During a Unit 2 refueling outage in the fall of 2008, potentially degraded fuel assemblies were tested for cladding integrity with vendor fuel sipping equipment.
The equipment was provided from the vendor as new, clean equipment. The tests were performed under water in the spent fuel pool. After the outage, the equipment was decontaminated, demobilized and packaged for shipment back to the vendor.
On October 23 and 24, 2008, the equipment was decontaminated at Prairie Island by underwater hydro-lancing, demobilized by personnel, and prepared for shipment back to the vendor. Personal accounts and record review of the work activity indicated that the fuel sipping equipment was rinsed with water and surveyed for gross contamination and NRC000022 radiological hazards when removed from the spent fuel pool. The staff used hand tools for equipment disassembly. The fuel sipping equipment was then wrapped in plastic and then placed into a designated laydown area near the pool. The radiation protection staff initially posted and controlled the area as a Radiation Area and Contamination Area.
No extremity dosimetry nor additional controls were in place for controlling radiological exposure during the hands-on demobilization of the equipment. After the fuel sipping equipment was in the laydown area, the work group left the area. The next day the work group loaded the fuel sipping equipment into a vendor supplied container in preparation for shipment.
Station procedures, including FP-RP-JPP-01, RP Job Planning, Revision 04, required formal job planning when removing items from the spent fuel pool. In the absence of such a pre-job review, the potential exist for not performing the radiological surveys necessary to properly assess the entire scope of radiological hazards present and, subsequently to prescribe the appropriate supplemental dosimetry and/or dosimetry placement requirements to workers associated with the decontamination, demobilization, and preparation of the fuel sipping equipment.
In this case, the licensee planned hands-on work with fuel sipping equipment that had a high potential for individuals to come in contact with discrete radioactive particles and high contamination from the fuel sipping equipment. The licensee recognized that when in use underwater, the fuel sipping equipment had detectable underwater contact dose rates up to 40 rem/h on the inside of the fuel sipping canisters and up to 9 rem/h at contact on the outside of the fuel sipping canisters. Radiological surveys taken in the work area on the refuel floor detected discrete radioactive particles ranging from 800 to 35,000 disintegrations per minute (dpm) per 100 cm2. However, the inspectors identified that the licensee had not performed adequate planning/evaluation to assess the hazard and the potential radiological impact to the workers. As a result of this failure, the licensee had not prescribed the appropriate dosimetry and monitoring commensurate with the hazard, and the licensee had to perform a post-job dose evaluation to fully assess the workers dose.

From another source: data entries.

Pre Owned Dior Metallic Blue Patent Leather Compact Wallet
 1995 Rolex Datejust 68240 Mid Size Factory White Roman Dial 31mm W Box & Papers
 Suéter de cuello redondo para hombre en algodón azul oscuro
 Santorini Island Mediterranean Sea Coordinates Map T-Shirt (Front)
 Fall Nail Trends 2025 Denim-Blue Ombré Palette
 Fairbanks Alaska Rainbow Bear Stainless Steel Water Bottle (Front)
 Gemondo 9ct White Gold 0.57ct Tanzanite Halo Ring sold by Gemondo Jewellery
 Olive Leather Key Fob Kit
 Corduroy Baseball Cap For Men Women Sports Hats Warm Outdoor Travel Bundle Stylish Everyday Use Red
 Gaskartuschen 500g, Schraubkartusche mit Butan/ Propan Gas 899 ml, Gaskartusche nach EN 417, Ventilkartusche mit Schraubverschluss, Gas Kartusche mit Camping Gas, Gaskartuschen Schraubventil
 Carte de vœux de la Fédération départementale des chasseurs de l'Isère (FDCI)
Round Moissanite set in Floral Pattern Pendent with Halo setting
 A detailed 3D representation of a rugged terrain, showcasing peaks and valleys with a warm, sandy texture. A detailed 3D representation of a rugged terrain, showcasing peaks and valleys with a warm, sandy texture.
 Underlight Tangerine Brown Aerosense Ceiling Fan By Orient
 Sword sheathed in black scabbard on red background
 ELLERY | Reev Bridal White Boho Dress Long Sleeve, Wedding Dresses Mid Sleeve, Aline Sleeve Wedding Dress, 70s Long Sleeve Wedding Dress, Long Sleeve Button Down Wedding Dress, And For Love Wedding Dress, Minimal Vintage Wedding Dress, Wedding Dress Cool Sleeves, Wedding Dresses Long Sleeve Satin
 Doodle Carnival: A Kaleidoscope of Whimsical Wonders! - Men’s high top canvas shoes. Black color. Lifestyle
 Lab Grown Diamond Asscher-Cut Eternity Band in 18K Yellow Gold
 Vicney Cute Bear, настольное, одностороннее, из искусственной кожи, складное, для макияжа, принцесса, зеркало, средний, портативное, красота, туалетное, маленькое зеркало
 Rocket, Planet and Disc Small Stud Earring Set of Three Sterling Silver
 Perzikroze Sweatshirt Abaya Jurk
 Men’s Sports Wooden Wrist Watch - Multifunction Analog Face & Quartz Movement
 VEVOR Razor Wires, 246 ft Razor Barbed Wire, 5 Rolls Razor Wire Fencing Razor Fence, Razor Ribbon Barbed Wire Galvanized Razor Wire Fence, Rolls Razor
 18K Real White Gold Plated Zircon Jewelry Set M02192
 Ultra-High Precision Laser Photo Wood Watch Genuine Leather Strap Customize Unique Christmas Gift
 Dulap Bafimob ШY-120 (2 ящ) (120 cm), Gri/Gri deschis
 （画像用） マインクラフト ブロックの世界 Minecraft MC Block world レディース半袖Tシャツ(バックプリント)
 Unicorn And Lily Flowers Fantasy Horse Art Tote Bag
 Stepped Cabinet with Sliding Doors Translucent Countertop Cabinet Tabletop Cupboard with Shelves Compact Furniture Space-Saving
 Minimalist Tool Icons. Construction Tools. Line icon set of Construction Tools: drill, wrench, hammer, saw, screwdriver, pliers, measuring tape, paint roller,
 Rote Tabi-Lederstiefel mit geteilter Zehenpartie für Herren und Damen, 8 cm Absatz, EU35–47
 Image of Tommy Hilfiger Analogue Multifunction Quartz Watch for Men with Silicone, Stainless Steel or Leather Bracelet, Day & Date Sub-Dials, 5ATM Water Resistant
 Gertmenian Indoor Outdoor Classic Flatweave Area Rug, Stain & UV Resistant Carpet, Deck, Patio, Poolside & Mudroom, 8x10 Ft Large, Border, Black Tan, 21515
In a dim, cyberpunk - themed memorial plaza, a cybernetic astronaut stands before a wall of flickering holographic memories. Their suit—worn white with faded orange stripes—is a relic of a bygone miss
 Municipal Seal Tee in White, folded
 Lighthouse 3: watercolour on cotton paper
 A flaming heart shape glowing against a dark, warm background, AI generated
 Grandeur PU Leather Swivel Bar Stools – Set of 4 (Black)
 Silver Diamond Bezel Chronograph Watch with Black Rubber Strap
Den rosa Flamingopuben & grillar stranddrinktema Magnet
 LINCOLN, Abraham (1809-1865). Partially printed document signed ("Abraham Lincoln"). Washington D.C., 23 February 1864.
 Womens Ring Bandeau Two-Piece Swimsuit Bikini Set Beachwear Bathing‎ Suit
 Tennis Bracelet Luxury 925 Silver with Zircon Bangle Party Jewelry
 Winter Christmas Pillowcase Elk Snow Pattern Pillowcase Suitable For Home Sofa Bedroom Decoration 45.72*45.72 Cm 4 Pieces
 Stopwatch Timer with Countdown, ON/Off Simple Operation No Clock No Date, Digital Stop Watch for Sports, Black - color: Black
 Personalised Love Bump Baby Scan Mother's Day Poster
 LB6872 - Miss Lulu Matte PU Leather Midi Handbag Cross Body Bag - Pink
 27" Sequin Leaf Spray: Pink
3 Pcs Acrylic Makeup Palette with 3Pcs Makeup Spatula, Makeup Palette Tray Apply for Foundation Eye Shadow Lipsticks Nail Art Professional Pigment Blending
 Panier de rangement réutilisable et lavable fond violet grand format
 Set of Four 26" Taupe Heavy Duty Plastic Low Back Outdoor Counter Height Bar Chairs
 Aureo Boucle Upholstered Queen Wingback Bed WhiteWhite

Several days later, after the fuel sipping equipment had been shipped off-site, more detailed follow-up surveys of the equipment identified the presence of additional discrete radioactive particles with gamma dose rates of up to 11 rem/h at contact. Isotopic analysis of the particles determined that cobalt-60 was the dominant radionuclide of interest. Once informed of the elevated dose rates of discrete radioactive particles, the licensee performed extremity and whole body dose assessments to determine the actual dose received by the workers that handled the equipment in order to confirm that no significant radiological exposures had occurred.
Analysis:
The inspectors identified a performance deficiency, in that, prior to the start of work, the licensee failed to perform adequate radiological evaluations necessary to properly assess the radiological hazards and to prescribe appropriate radiological controls necessary to evaluate and minimize dose to workers. In accordance with Inspection Manual Chapter (IMC) 0612, Power Reactor Inspection Reports, Appendix B, Issue Screening, the inspectors determined that the issue was more than minor because given the radiological uncertainty of working with fuel handling equipment, if left uncorrected the finding could become a more significant safety concern.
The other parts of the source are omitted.